Rarely has a single meeting been so important for the global economy.
Analysts are hopeful that a much-anticipated meeting between the presidents of the U.S. and China this coming weekend will provide at least temporary respite for companies who have been caught in the crosshairs at the ongoing trade war between the two countries, warning that a breakdown in talks could spell disaster for a bevy of interests.
President Donald Trump will meet June 29 with Chinese President Xi Jinping on the sidelines of the G-20 Summit in Osaka, Japan, to discuss a potential end to the trade conflict that has resulted in tariffs on hundreds of billions of dollars of one another's goods, with hundreds of billions of dollars of products at risk.
However, if no agreement is reached or if a standstill proves only temporary, Trump stands ready to unleash tariffs on as many Chinese imports as he can. Now that it can no longer match the U.S. dollar-for-dollar on tariffs, China is preparing a raft of nontariff retaliatory measures.
Trump told Fox Business June 26 that he would impose "very substantial" additional tariffs should talks go south in Osaka, including his proposed 25% tariffs on $300 billion of Chinese goods that have loomed over consumers' and producers' heads for months.
More than 350 U.S. companies in seven days of recent public hearings warned the Trump administration of higher production and consumer costs, widespread job losses, and factory closures due to a lack of alternative sources of supply should the controversial tariffs go into effect.
According to Panjiva, a division of S&P Global Inc., the top products most at risk from a dollar standpoint include cellphones, $43.23 billion of which was imported by the U.S. from China in 2018, as well as $37.46 billion of laptops and $11.92 billion of puzzles and other toys.
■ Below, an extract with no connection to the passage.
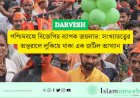 পশ্চিমবঙ্গে বিজেপির ব্যাপক জয়লাভ: সংখ্যাতত্ত্বের অন্তরালে লুকিয়ে থাকা এক জটিল আখ্যান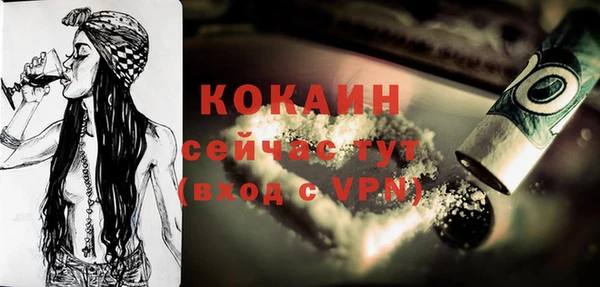 MESCALINE Козельск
Many of these products are nearly indigenous in production to China, which U.S. producers emphasized throughout the public hearing process. Panjiva data shows that 97.6% of video game consoles imported by the U.S. in 2018 came from water, as did 94.5% of holiday toys and games, 94.4% of laptops and 93.8% of LED lamps.
Many of these products, especially those in the electronics sector, require fine-tuned, complex machinery and a skilled workforce found primarily in China. This means they would be stuck producing in China and the U.S. consumer would be stuck with 25% hikes across a broad swath of everyday goods.
"The $300 billion is a nightmare scenario for the U.S. economy and the global economy," Jeremie Waterman, the president of the China Center at the U.S. Chamber of Commerce, said in an interview, adding that the chamber is optimistic about the talks due to toned-down rhetoric over recent weeks.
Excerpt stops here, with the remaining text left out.